1.1 Our contributions
We identify a broad class of proximity queries that combine text and annotation. Despite its simplicity, our framework is surprisingly general and useful for a number of text mining applications. We describe a system we are building around Lucene [2] and UIMA (http://www.alphaworks.ibm.com/tech/uima) that enables efficient annotation indexing and search. We intend to make the system publicly available. We identify two key technical problems that must be solved: learning proximity scoring functions and workload-adaptive index optimization.
Scoring functions are fairly standardized in traditional IR but largely secret in Web search. Early XML query semantics were set- and path-oriented; later, scoring schemes were adopted from IR and Pagerank [13,5,30,16,14,1], but these are not yet grounded in evaluation as extensive as standard IR. Therefore, we must learn good proximity scoring functions automatically before we can consider index and query optimization.

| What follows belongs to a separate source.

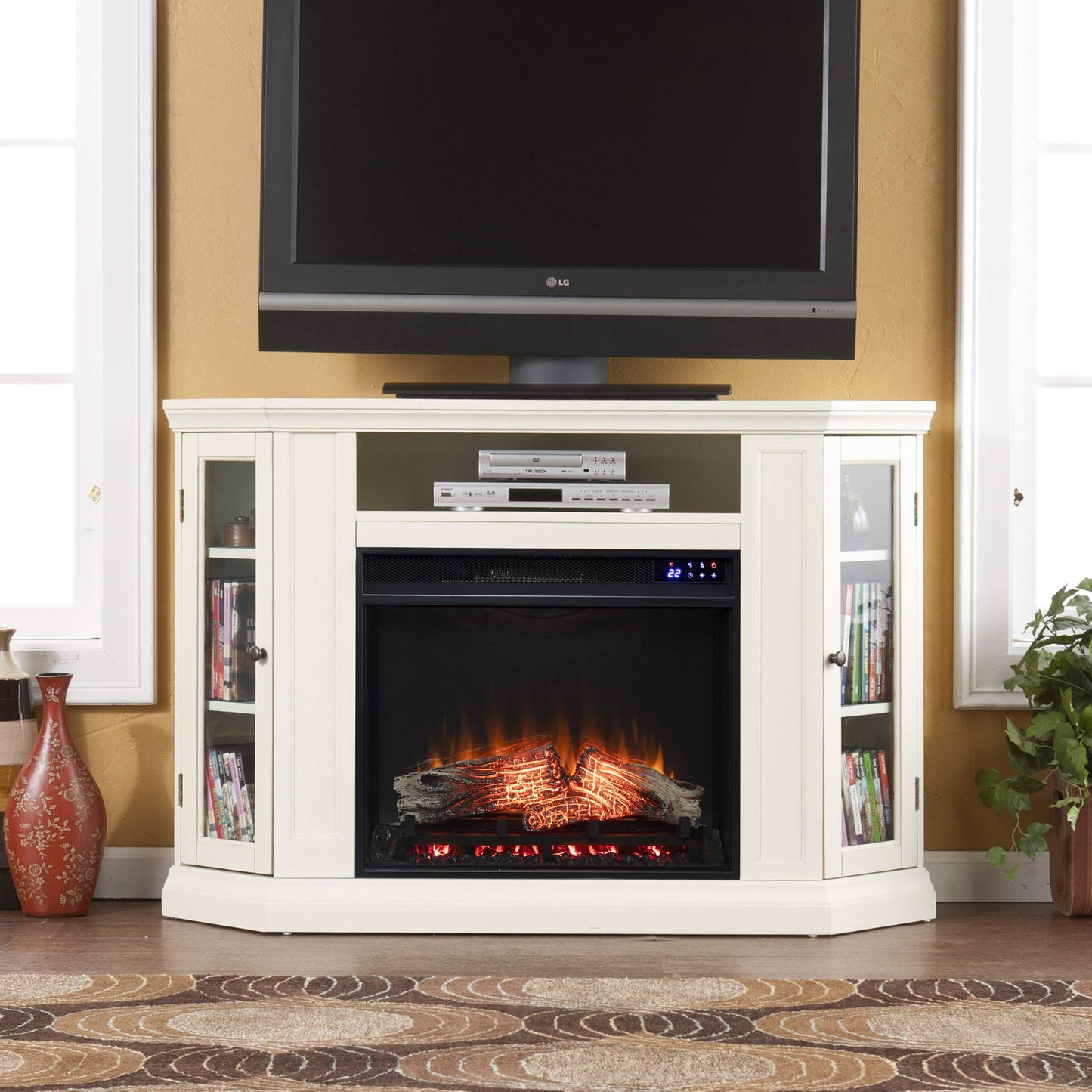 SEI Furniture Claremont Corner Convertible Electric Fireplace with Storage, New Ivory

We design a simple and efficient learning algorithm to fit a proximity-based scoring function to logs of queries and known answers. When it is plugged into the query processor, we get high accuracy: recall at rank 300 increases from 0.8 (standard IR) to 0.9 and typically, a correct answer token appears at rank 2-4. Surprisingly, we find the best-fit scoring function to be non-monotonic wrt to the distance between selectors and candidate tokens.
Large and deep type hierarchies are essential to support open-domain search. Consequently, the index space required for the type annotations becomes very large compared to the standard inverted index, which can be compressed significantly [31]. We devise new algorithms that exploit the skew in the distribution of answer types (atypes) in query logs (i.e., historical workload statistics) and cut down the additional index storage requirement by 85-90%, while sacrificing query processing speed by a modest factor between 1 and 3. Our indexes occupy about the same total space as the corpus in gzipped form and an optimized IR index.

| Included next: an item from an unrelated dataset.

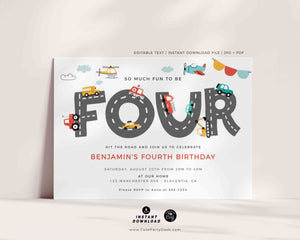 Transportation Fourth Birthday Invite Printable INSTANT DOWNLOAD, Editable Cars & Trucks Birthday Invitation City Transportation party 509 P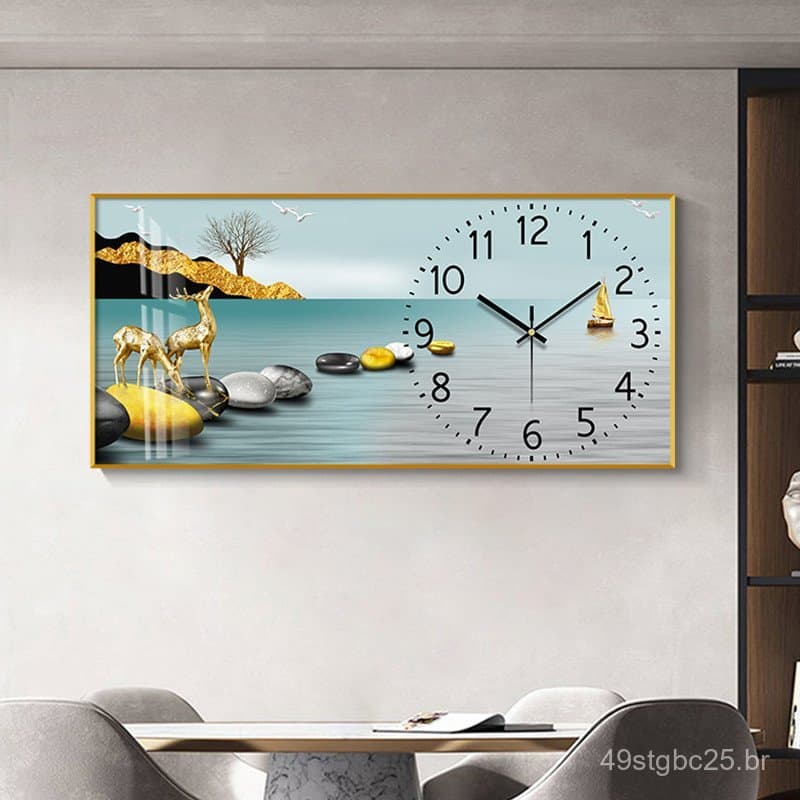 Pintura decorativa de grande porte para caixa de medidor elétrico com relógio, moderna e simples, estilo longo, para cob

We present large-scale experiments with two 5 GB corpora having a million documents each, some 400 million distinct token positions, an atype hierarchy with 80,000 types (18,000 non-leaf types), and several hundred real-life queries from the TREC (http://trec.nist.gov/data/qa.html) competition. We use TREC data mainly because of the "truthed" collection of questions and answers, but our conclusions appear general. We present data on both the quality of answers and the performance of our system.
1.2 Related work
IR engines can support basic proximity clauses with user-supplied windows. The popular IR package Lucene [2] provides basic fielded search with typically a limited number of fields, and does not natively support proximity clauses across fields. INDRI [25] has a rich and powerful query language that can support hard proximity clauses across tagged fields, but a hard proximity window must be specified by the user; also, we do not know of any workload-sensitive index optimization in INDRI.

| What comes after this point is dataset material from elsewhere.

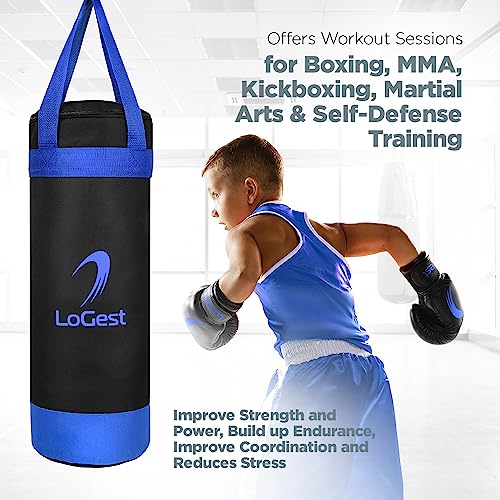 LoGest Punching Bag for Kids Boxing Set - Suitable for Kids Punching Bags 3-8 Years of Age - Boxing Gloves & Hand Wraps Included - Youth Children Boxing MMA Kickboxing Muay Thai Karate Punching Bag - size: 4 Ounces Glove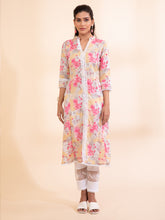 Women Mustard Cowl Neck Printed Kurta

The Bindings Engine [4] (BE) is a critical breakthrough toward semantic pattern searches, and is specifically optimized for text, but it depends strongly on immediate juxtaposition of ground constants with patterns to instantiate, as in "cruel ProperNoun said" or "cities such as NounPhraseList". BE is reported as using a handful of types (parts of speech and named entities like person, place, time) which still leads to an index 10 times larger than an IR index. However, thanks to the more restricted query class, BE uses more sequential disk access than our system.
The database and XML communities are steadily adding IR support [20]. COMPASS [14] and XXL [30] are notable systems integrating text and structure search, but to our knowledge do not learn textual proximity. COMPASS supports "concept" searches of the form "concept=value" where the concept may have soft aliases, but not "concept near value" in our sense.
Index space is a significant concern in adding IR support to XML systems. Florescu et al. [12] survey work in the database and XML communities and propose a text extension to XML-QL that allow element-level word matches. They report an index that is 12 times larger than the uncompressed XML source, and do not consider proximity-based scoring.
In principle, we can turn our corpus into a giant XML graph with one token per node and try to apply activation-based query systems such as ObjectRank [3], XRank [16] or TeXQuery [1]. However, given an average English token is 4-5 bytes, and compresses down to 0.5-1 byte in the IR index, even a 32-bit ID per such node would be prohibitive. Another problem is that (as we shall see) good scoring functions in the linear token space do not necessarily decay monotonically with distance.
Elegant data structures have been proposed to deal with "hard" proximity constraints [23,27], but they do not support learnable proximity scores, type containment or self-tuning indexes that exploit the query distribution. Earlier IR systems have exploited query skew in index-pruning [9] and caching [29] to achieve impressive reduction of IR index sizes and query times, but do not consider queries involving a type hierarchy.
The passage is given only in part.